So on the eighth or ninth day, I visited the cupboard to see if I could get another slice of life and discovered that the bread had been overtaken by mold.

I paused.

I considered removing the wrapper, cutting the mold off and eating the rest, but the mold also came with a smell—actually, similar to beer. So reluctantly—maybe even a little aggravated—I took my last five or six slices, now moldy, and tossed them into the garbage.

I was a little surprised how fussy I was about it. I don’t know if I just had my heart set on a sandwich or if I felt cheated because my bread gave up.

But I knew this: mold does not get better. I couldn’t do some “treatment” to my bread and return the next day and find it unmoldy.
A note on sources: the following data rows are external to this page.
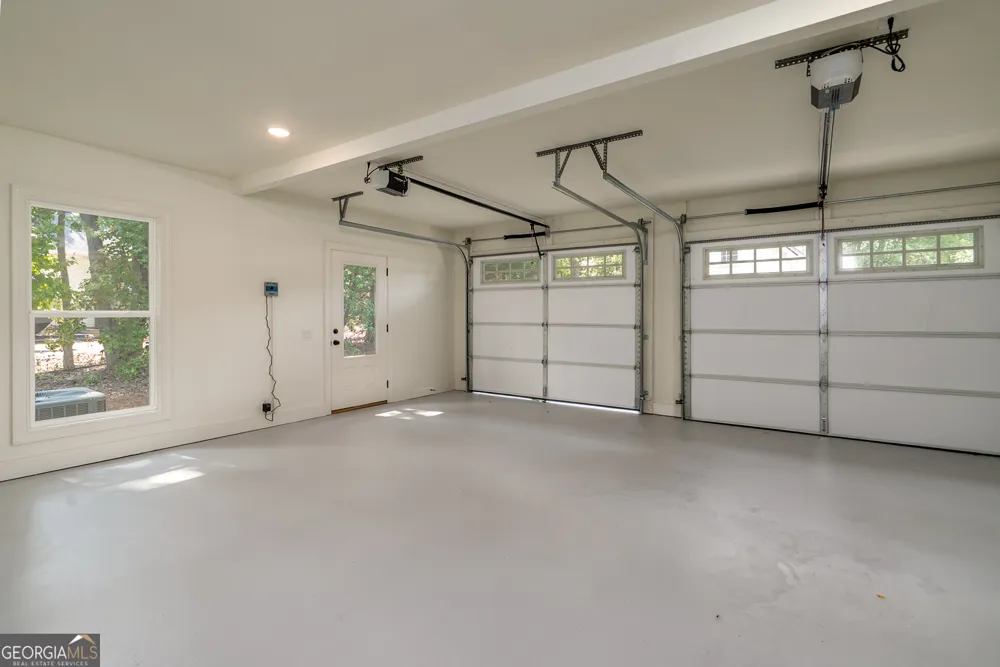 200 Whitney ST Eatonton, GA 31024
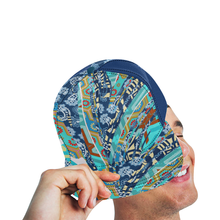 Angel Food Snapback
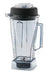 Vitamix 2L Food Prep Complete Container - VIT-058626 product image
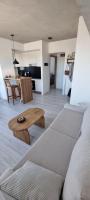 Tigre a estrenar - B&B Tigre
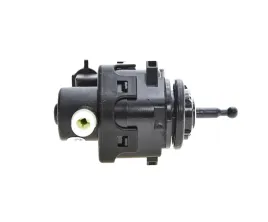 regulacja-ustawienia-swiatel-l-p-navara-np300-pathfinder-primastar-primera
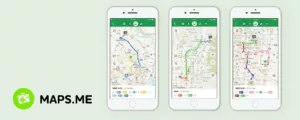 MAPS.ME-Android-Apk-Téléchargement-gratuit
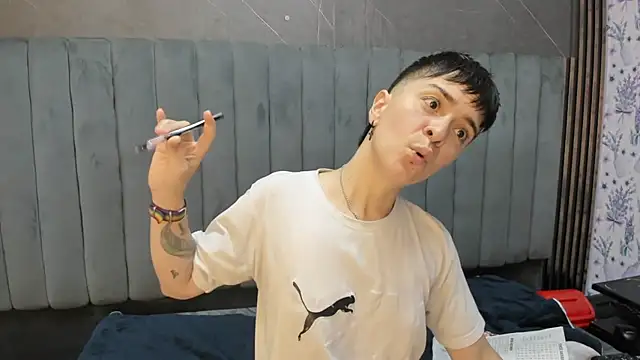 _Hannah_Hot's cam snapshot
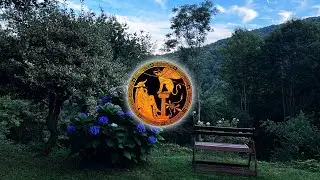 Un incontro insolito con l'Associazione Per-Ankh 😄 [Podcast]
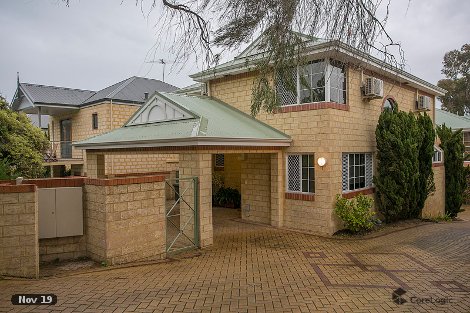 1/19 Troy Tce, Daglish, WA 6008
Once mold arrives it takes over. Quite aggressive. And it isn’t pretty—grayish-green with little hairy arms.

It’s a nasty substance and it turns bread into shit. (You can hear by my words that I was really put off.)

Welcome to America.

I’ve heard us called “the breadbasket of the world.” I was told as a youngster that our farmlands could feed the nations. Not much talk about that of late—nowadays farmers are trying to survive and make their beans and corn cover their budgets. No one trying to feed the four corners.

But we once were the breadbasket. Then one day, we reached into our souls, our mind, our heart and into our principles and pulled out moldy bread. Really bad mold.

And as I told you earlier, mold doesn’t get better. You can’t reform mold. You can’t try to find a way to accept it and develop a taste for it. You have to throw the whole damn thing out.

That’s unfortunate. It’s unfortunate but it’s necessary.

Truth is, one apple does not spoil the whole bushel—but one little piece of mold does spoil the whole loaf, because the climate necessary to breed that mold permeates all the way to the crust.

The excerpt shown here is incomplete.